The president of the Communications Workers of America asked the Democratic and Republican Parties to deny interviews to ABC and its affiliates. Gore responded by refusing to see an ABC reporter who had flown to Seattle for a prearranged interview with the vice president. White House policy, a spokesman said, is to not grant special access to news organizations engaged in labor disputes. Somewhere in the tortured logic of the White House, reducing the flow of information to the public about the national electoral process has a connection to a private labor dispute.

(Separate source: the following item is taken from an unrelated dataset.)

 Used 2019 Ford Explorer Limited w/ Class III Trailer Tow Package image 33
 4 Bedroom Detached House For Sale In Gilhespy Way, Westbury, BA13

Gore was not the only prominent Democrat to shun ABC. Victorious Senate candidate Charles Schumer in New York banned ABC from his headquarters. The power cord carrying ABC’s television feed at the Waldorf-Astoria Hotel, site of Schumer headquarters, was cut. Colorado Gov. Roy Romer, head of the Democratic National Committee, backed out of an appearance on “Good Morning America.” In San Francisco, an ABC crew was kicked out of incumbent Sen. Barbara Boxer’s reelection celebration. Later the crew was admitted – after the local ABC station had sought a court order to gain admittance. The winner of the race for California governor, Lt. Gov. Gray Davis, retracted a ban on ABC at his headquarters only when the network took the matter to court.
The politicians’ boycott of ABC showed no class and ultimately denied information to ABC’s viewers. This was a private dispute between labor and management, not a public policy matter. The Democrats should not have taken sides.”